Wednesday, February 25, 2009

Someone Else's Time



When I was little one of my favorite books was From the Mixed-Up Files of Mrs. Basil E. Frankweiler. The idea of living in a museum, especially at night, fascinated me. It still does. While I’ve always loved paintings and am into sculpture, what really does it for me in some wacked out, time-travel kind of way is the furniture. I never think about it until I’m actually standing there, inside the museum or estate, surrounded by the paneling, clocks, candlesticks, sideboards, and beds of another era. It overtakes me.

If I ever feel mystical it’s then, when I’m taken into the past in a rare moment of silence, surrounded by someone else’s things from long ago. Last week I was at the Getty Museum in Los Angeles and it happened to me there. I looked into a gold framed mirror, the glass a murky black with age. I couldn’t see my reflection but I stared anyway, wondering who used to look into the same space, whose reflection used to smile back at her.

While I’m always a sucker for marquetry and those huge, oddly shaped aristocratic beds, what really causes me to stop and stare are the clocks. I’ve been searching for a wall clock for my house and after studying those jewel encrusted or elongated golden beauties, I wonder if introducing a little rococo madness into my environment wouldn’t actually be a good thing. Wouldn’t necessarily go, I know, but I can’t help love splashes of insanity.

At the Getty I was admiring another mirror, large and ornate, when a girl came up from behind me. She did a little dance, checked herself out, and said she wanted the mirror for her bedroom. So did I. Only I wanted it more to be taken back in time than to watch myself dance. Once I looked into a mirror that belonged to Marie Antoinette in her Petit Trianon and it happened to me then too. For a moment I wasn’t in San Francisco anymore, I was in someone else’s head in another time.

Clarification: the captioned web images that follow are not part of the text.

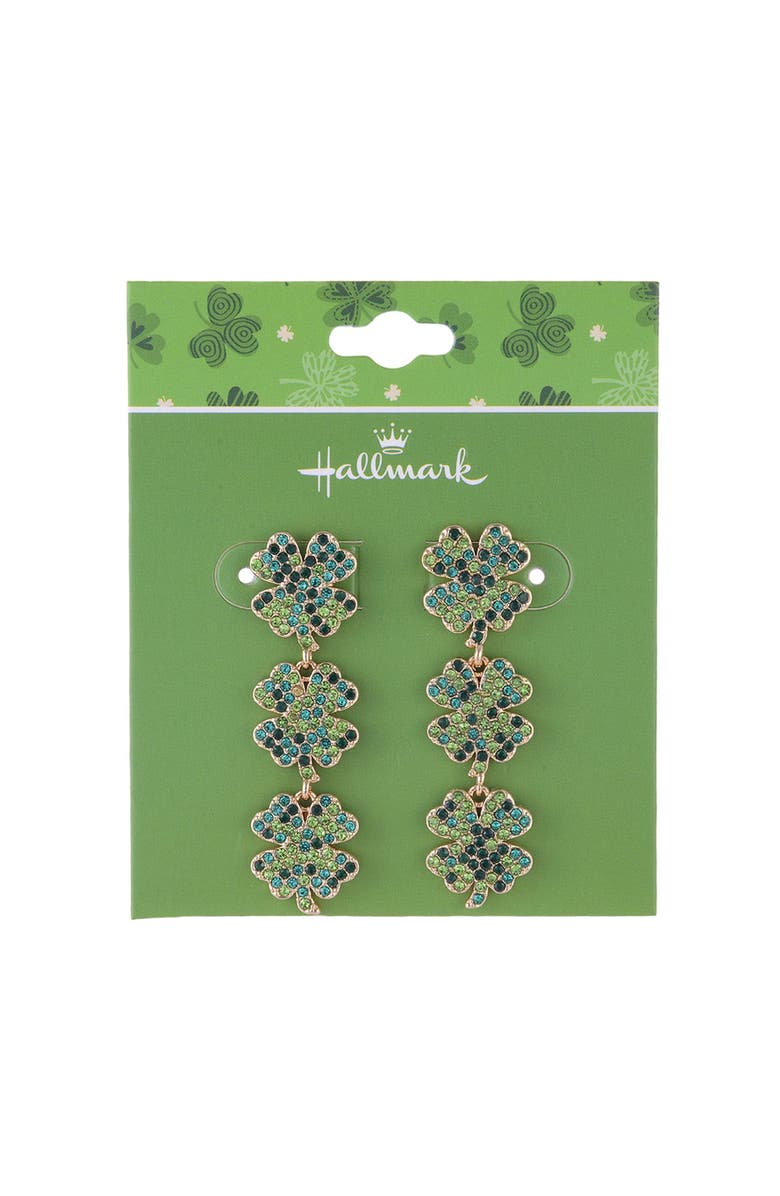 Hallmark Four Leaf Clover Linear Earrings, Alternate, color, Green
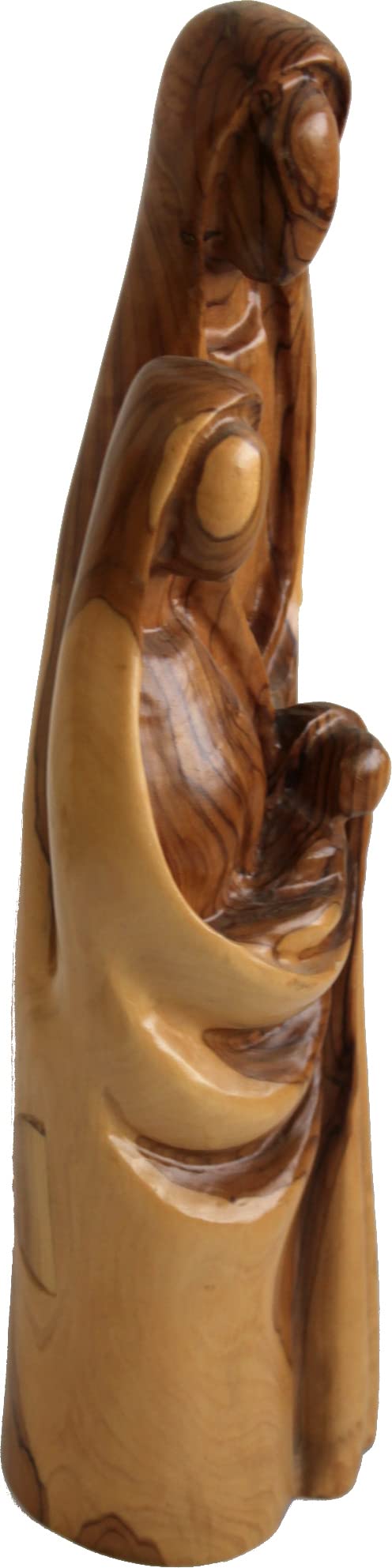 Holy Land Market Olive Wood Holy Family Statue - Abstract Modern Carving (13 Inches Large)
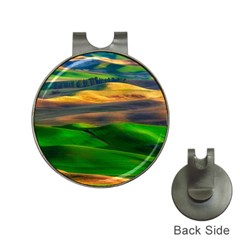 Grassland Nature Palouse Green Field Hill Sky Butte Hat Clips With Golf Markers by Bakwanart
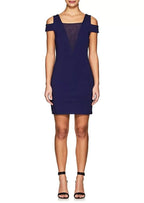 Halston Heritage cold shoulder mesh insert dress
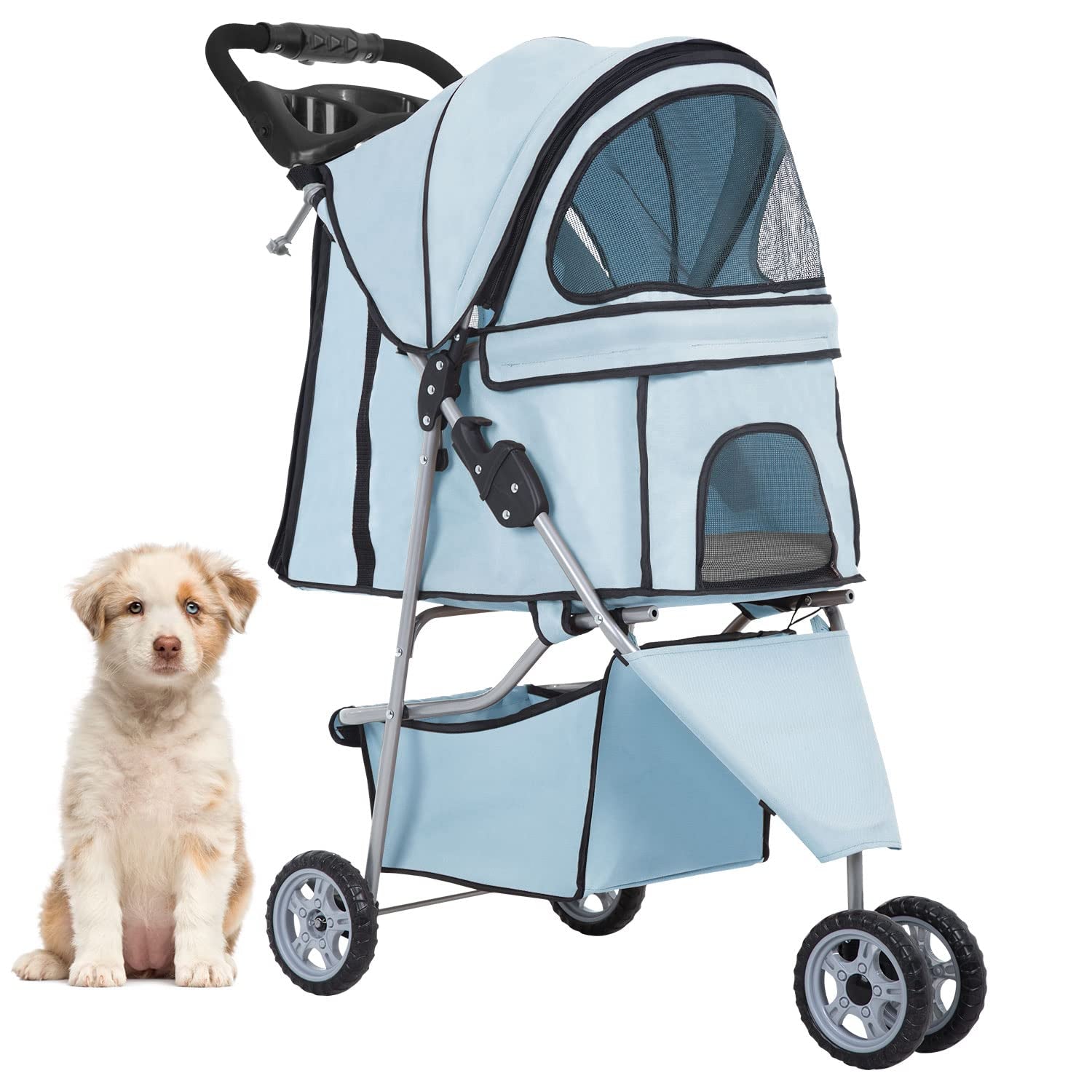 Light Blue 3-Wheel Pet Stroller for Dogs & Cats - Foldable, Waterproof Travel Carrier with Cup Holder - Ideal for Medium & Small Pets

Clocks and mirrors. There’s something so personal about them that the ghosts of their owners seem to come back to them. Or else reflections must linger throughout time. Clocks and mirrors. They’re simple objects that we use every day, yet they end up defining so much of our lives for us.

In reality I don’t really want to live out anyone else’s life. But let me be transported to someone else’s time every once in a while and I’m a much happier for what happens in those rare moments. And I would love it if that could mean staying all night in the museum.